After a few minutes of listening to the players bantering in-character (which was marvelous - these folks are very good roleplayers), the Mysterious Cloaked Old Man came in out of the rain, spoke a few hushed words to the innkeep, and came over to the PCs with a proposition. He needed someone to go to an old, ruined fortress and map it out for him - he would provide them with parchment and mapping tools, and he hinted at the fact that while the ruins had been deserted for over a century, it was not unknown for bandits or foolish treasure seekers to go there and pick over the cold, dead stones. In exchange for a rough map of the place, he would pay them a gold piece per day, which he thought was quite reasonable, since scribes only get paid about three silvers a day.

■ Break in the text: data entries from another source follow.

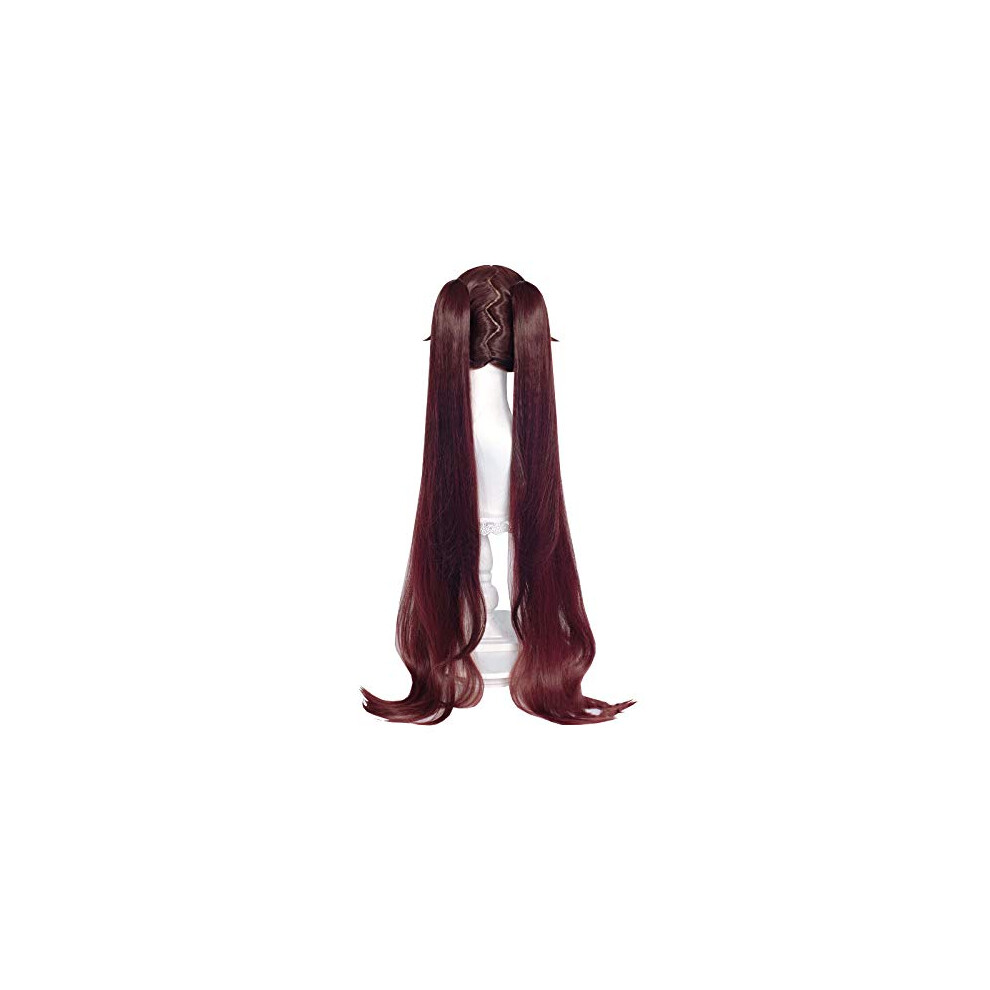 Unisex Red,Brown Long Red Brown Hu Tao Cosplay Wig Ombre Wine Heat Resistant Synthetic Hair For Anime And Halloween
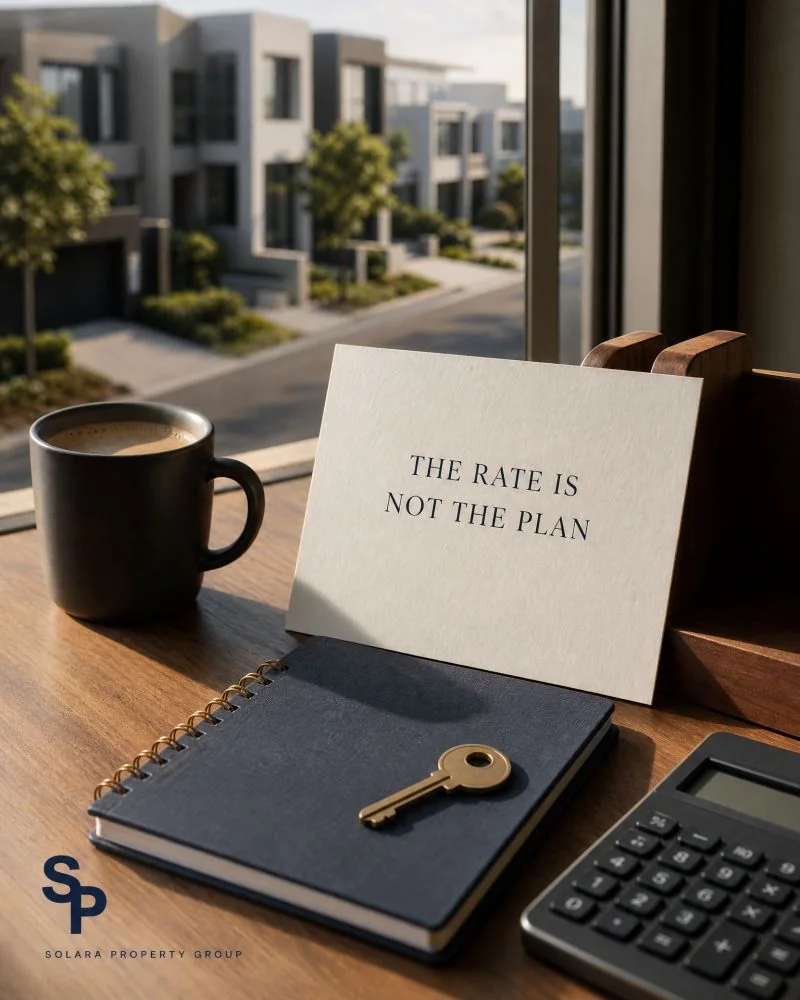 Solara LinkedIn update showing a home-planning notebook, key and calculator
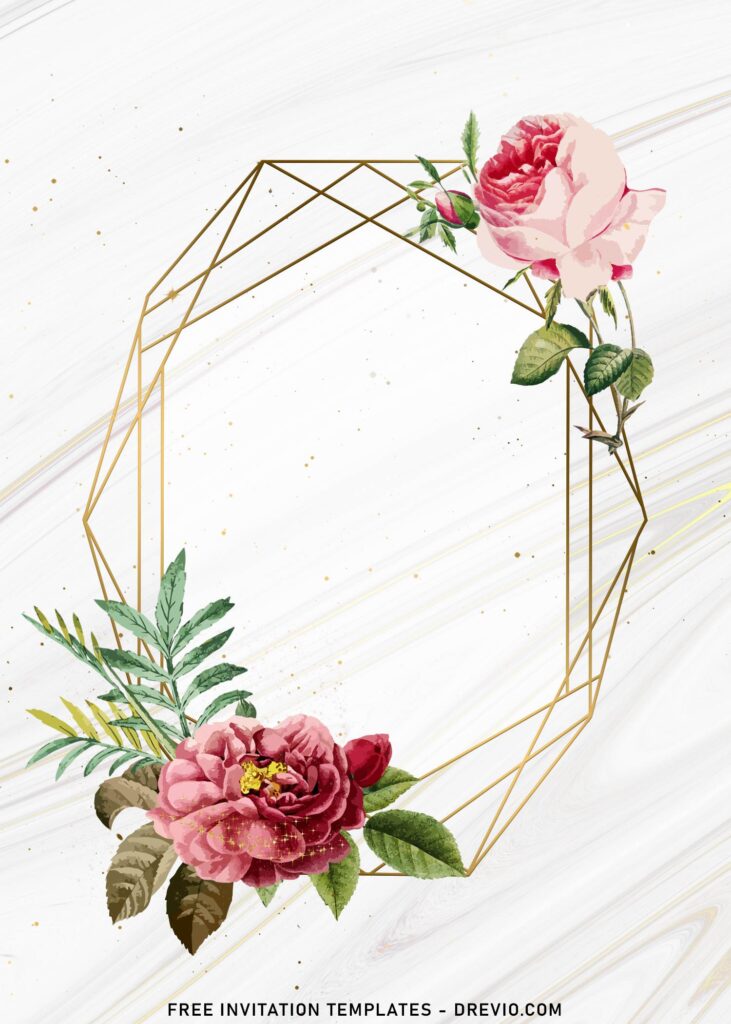 8+ Playful Romantic Buttercup And Ranunculus Floral Themed Invitation Templates with foliage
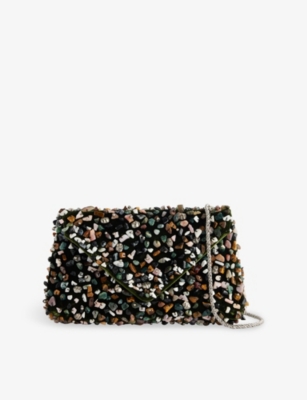 Dries Van Noten Womens Olive Beaded Envelope Woven Clutch Bag In Green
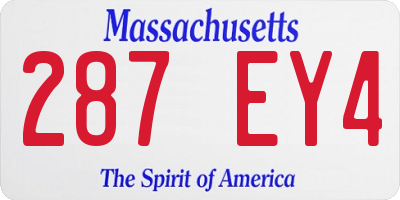 MA license plate 287EY4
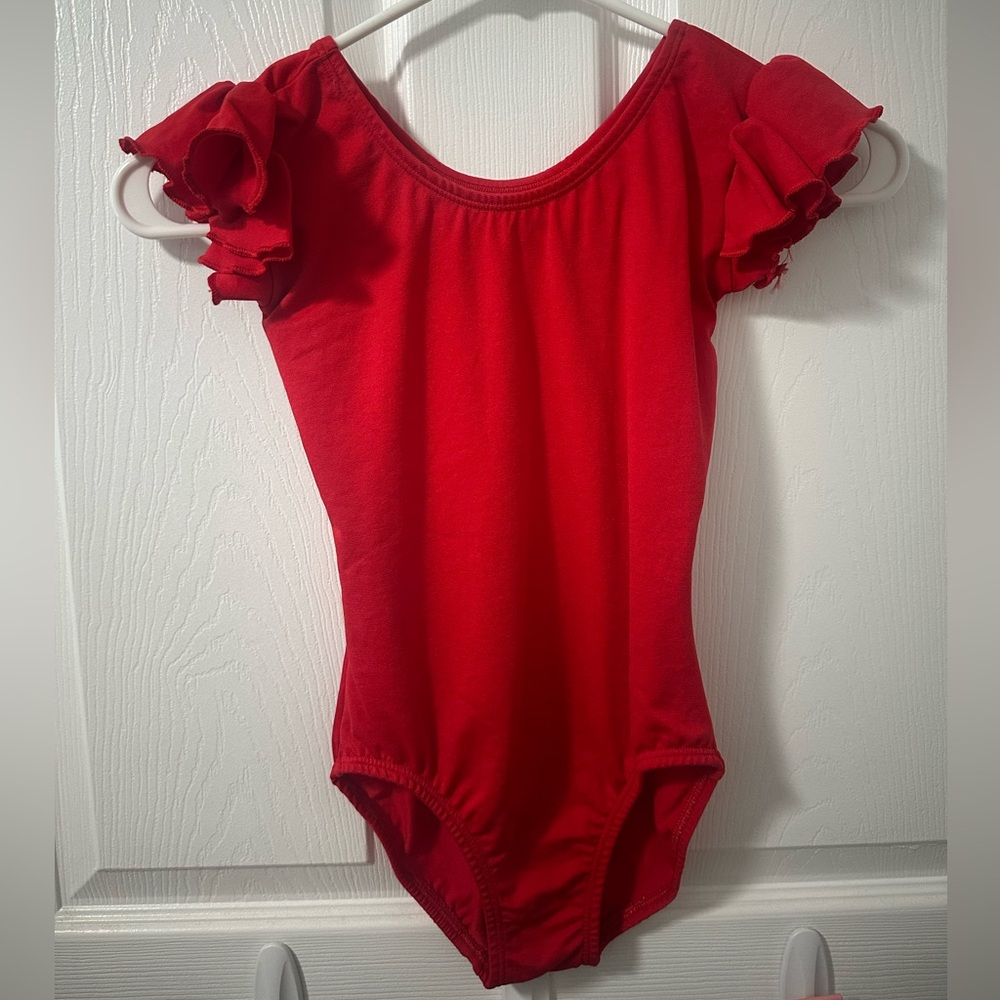 Girls Plain Red Flutter Short sleeve Leotard/bodysuit | dance gymnastics costume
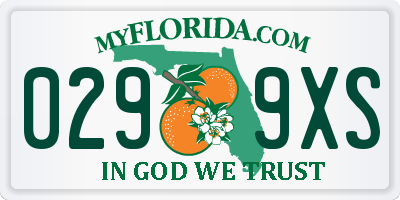 FL license plate 0299XS
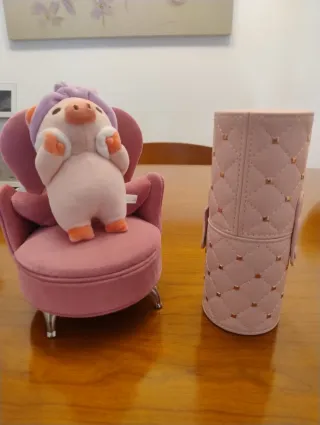 Set Brochas Maquillaje Rosa y Dorado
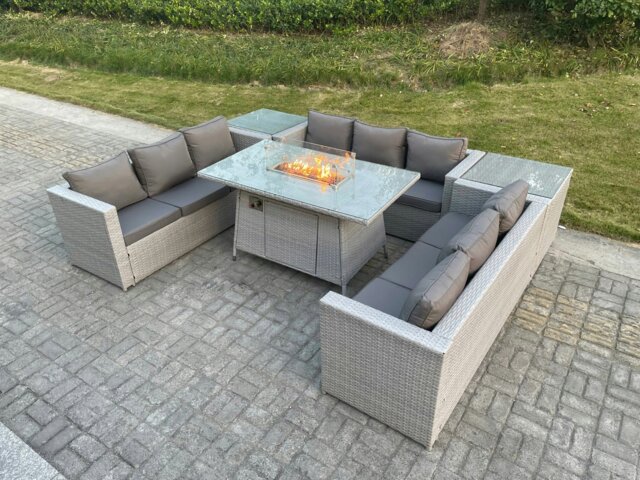 Rackhams Rattan Outdoor Garden Furniture Set With Gas Fire Pit Table, 3 Sofas, 2 Side Tables - 9 Seater - Light Grey - image 1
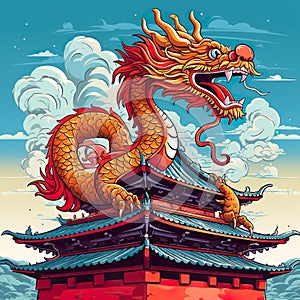 chinese new year dragon illustration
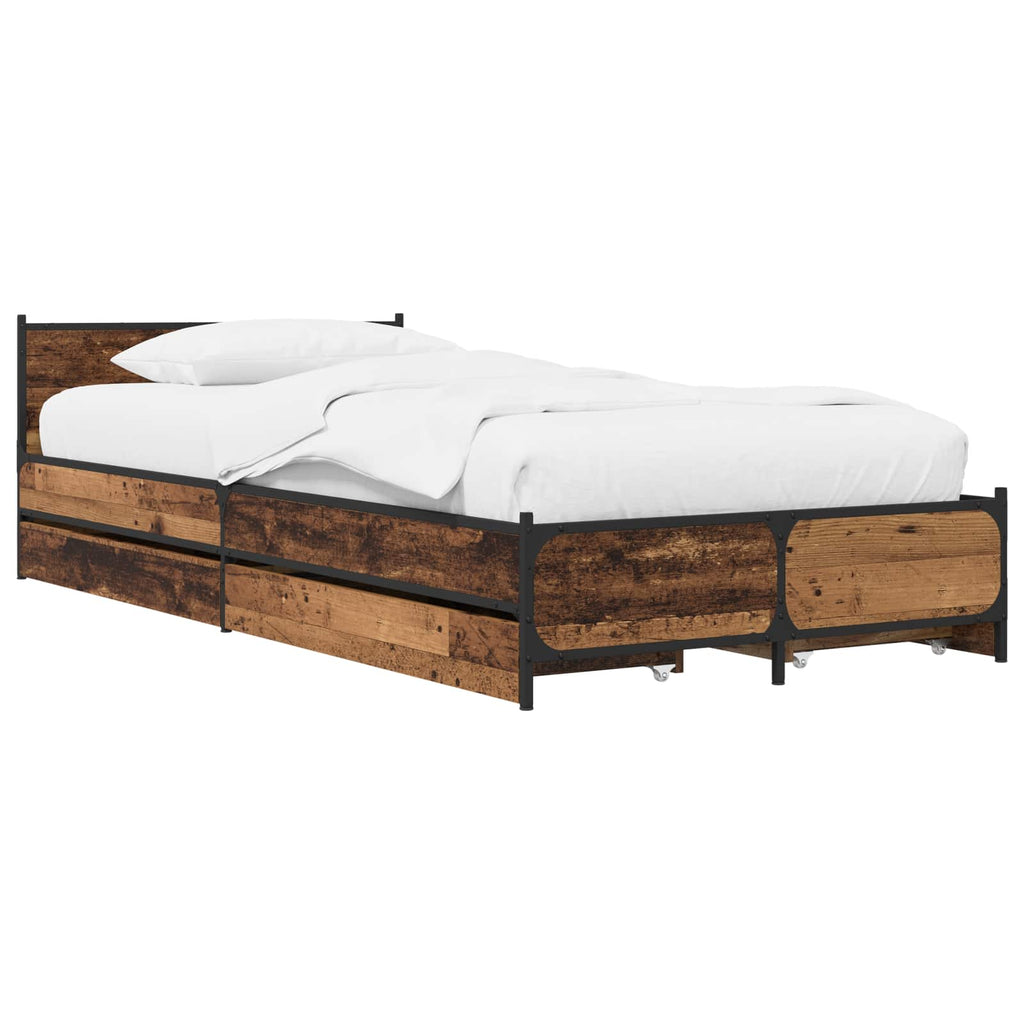 vidaXL Rama łóżka z wezgłowiem z szufladą Stare drewno 80 x 200 cm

Haleanna surprised me by immediately and coldly haggling with the Old Man, and before you know it, she had negotiated the Old Man up to twenty GP up front and fifty upon delivery of the map, with the provision that they would disarm any traps that might still be in the old place (since the old Baron who once had the run of the place was rumored to have dabbled in magik).

Then came more discussions as to how they would proceed, what lodgings they would require, whether the Old Man should be followed (he was), etc. By the time the characters finally reached the mouth of the box canyon where the fortress was, and the Gnome had scouted the first wall, Budzik had to go home to feed the baby and my wife was beginning to fall asleep. As is typical, we never got as far as the "dungeon" part of our dungeon crawl. *sigh*

Nonetheless, they all thoroughly enjoyed the simpler new ruleset and the gaming experience, and all wanted to continue at some point, though a round of questioning revealed that no one will be available again for a few weekends. Oh, well. Even though I hadn't even looked at the adventure an hour before the game began (I was trying to read it while they were making characters, and of course there would be no concentrating going on while that was happening, so I read and re-read the first page about six times before I finally got anywhere with it) and completely improvised my cheesy cliche opening, we all still had fun. I got to have at least a little bit of an old school gaming experience again, which is what I really wanted after all.

*We cut Haleanna slack because a) we didn't know if she was going to be able to make it in the first place, b) she brought mocha frozen yogurt, if I hadn't already mentioned, and c) she's cuter than Aaron.

**Foolish me.


Michael Slusser said...

[Insert standard comment about gaming jealousy here. Include snide remark about Devin's personal hygiene.]

Devin said...

Well, the online RPG community pretty much declared the weekend of March 4th to be GaryCon, with the idea that gamers all over the world should run either D&D or a dungeon crawl-style adventure with the system of their choice.

So I'm thinking it'll be an annual event. I'll make sure to pencil you in for next year.

Devin said...

The weekend after March 4, that is. Or, presumably for the future, closest to March 4.

Ktrey said...

On the evening of March 4th I had a game. They meet every Tuesday, for a 3rd Edition game, and the majority of them had never played any other iteration of D&D.

We had a Classic Mentzer dungeon crawl, replete with a rust monster and randomly populated rooms. I tried to run it to reflect the wistful innocence of some of my earliest roleplaying sessions, and the players also gradually regressed as well. I'm still working on transcribing it on my blog.

Bruno said...

Hats off to you for a classic crawl. I have to read further to see if they actually get to the dungeon! I have recently started running again after a few years off, using 1st edition! It's a great group, and we are all enjoying some truly classic AD&D action. The concept of magical (often making little sense) dugeons in howling wildernesses is not lost! You have inspired me to blog about it!